• **Dataset excerpt**
+--

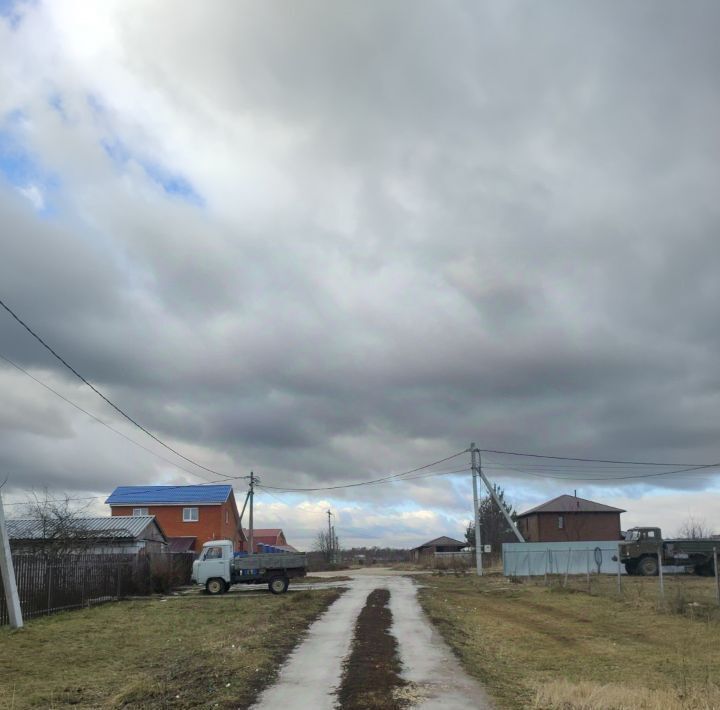 земля городской округ Ступино с Мещерино ул Весенняя фото 13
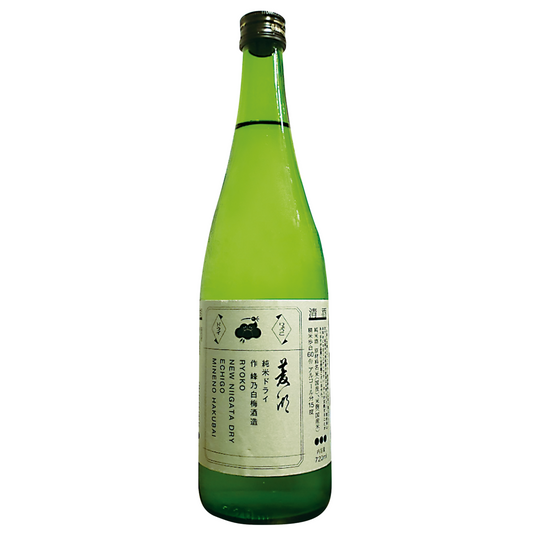 Ryoko 'Dry' Junmai Nama (720 ml)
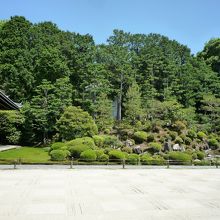 ゆっくりと見学できる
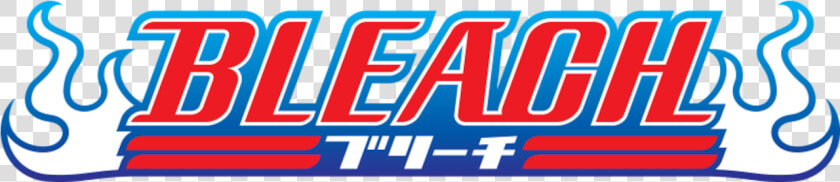 Transparent Bleach   Logo Bleach  HD Png DownloadTransparent PNG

+--

• **Directions**
Reproduce the lines above exactly, image-free.

• **Task response**
 земля городской округ Ступино с Мещерино ул Весенняя фото 13
 Ryoko 'Dry' Junmai Nama (720 ml)
 ゆっくりと見学できる
 Transparent Bleach   Logo Bleach  HD Png DownloadTransparent PNG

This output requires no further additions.